▸ **RECORDED INFORMATION**
####

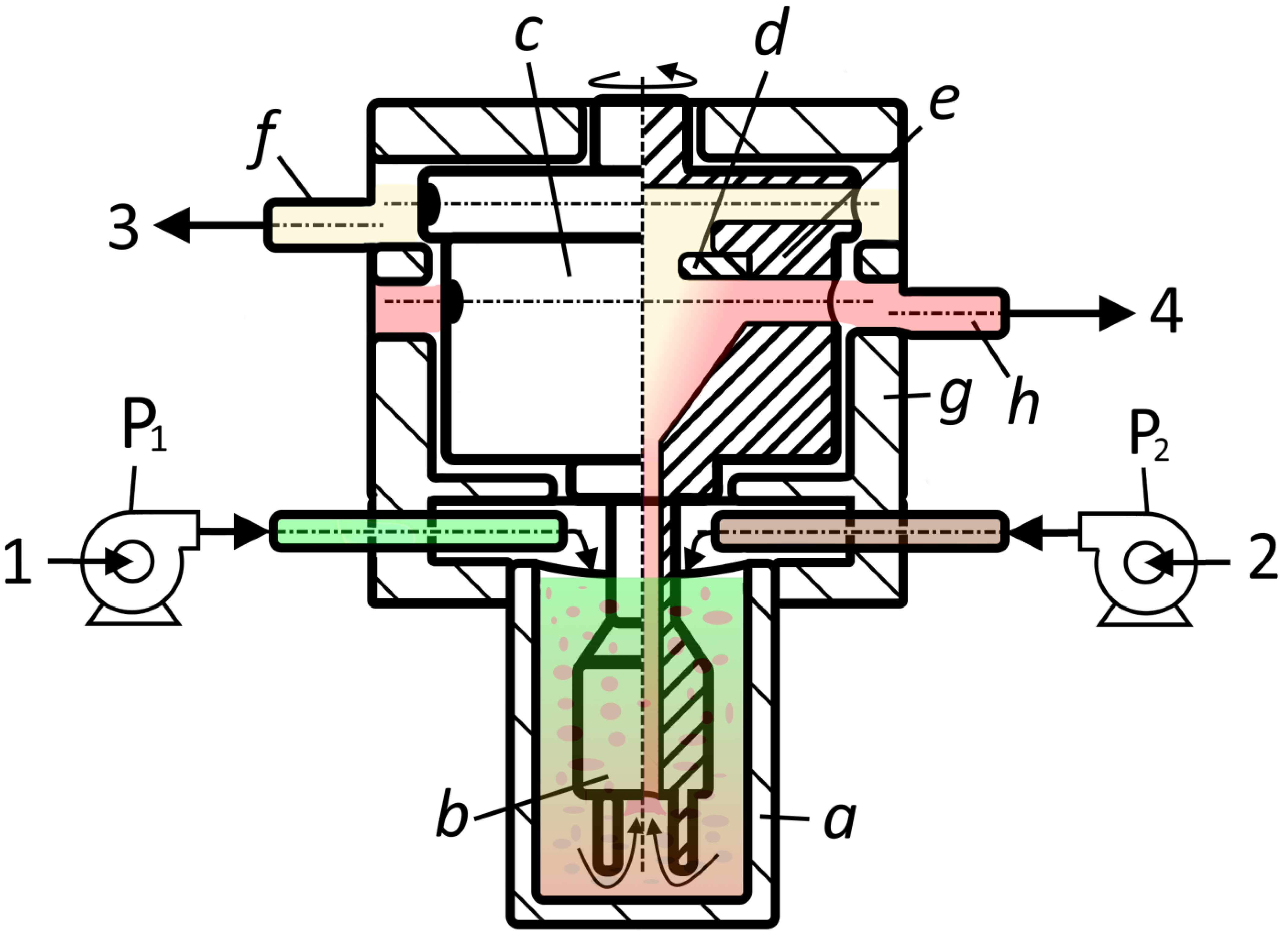 Processes 12 00488 g002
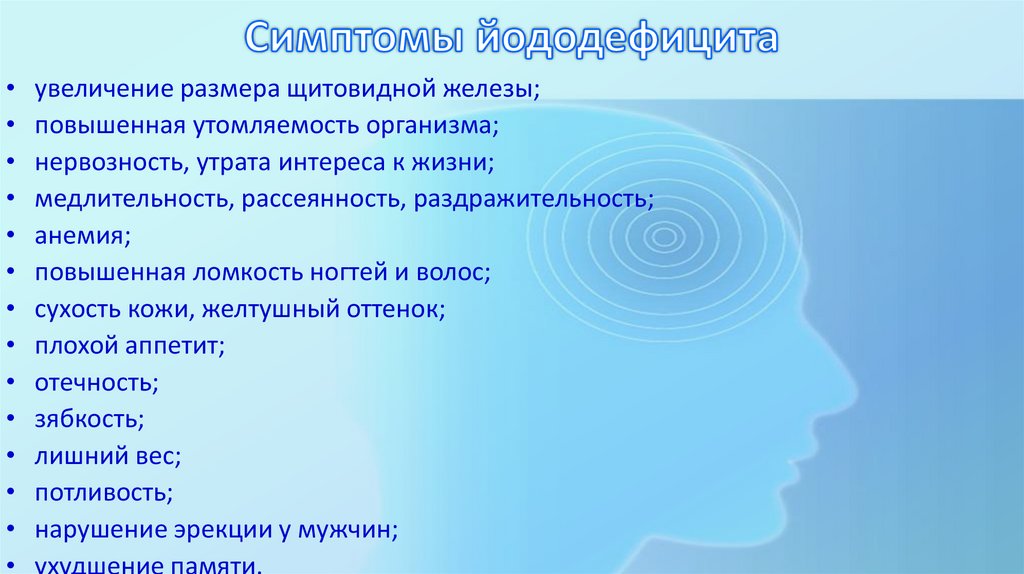 Йододефицит. Йододефицит в Костромской. Йододефицит Украина.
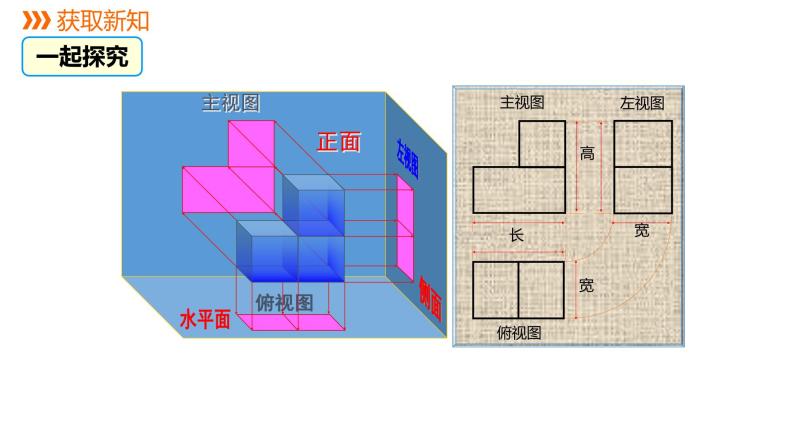 3.2 第3课时 简单组合体的三视图 浙教版数学九年级下册同步课件05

####

▸ **PROBLEM DESCRIPTION**
Write out the data again word for word, minus any images.

▸ **RESPONSE TO THIS TASK**
 Processes 12 00488 g002
 Йододефицит. Йододефицит в Костромской. Йододефицит Украина.
 3.2 第3课时 简单组合体的三视图 浙教版数学九年级下册同步课件05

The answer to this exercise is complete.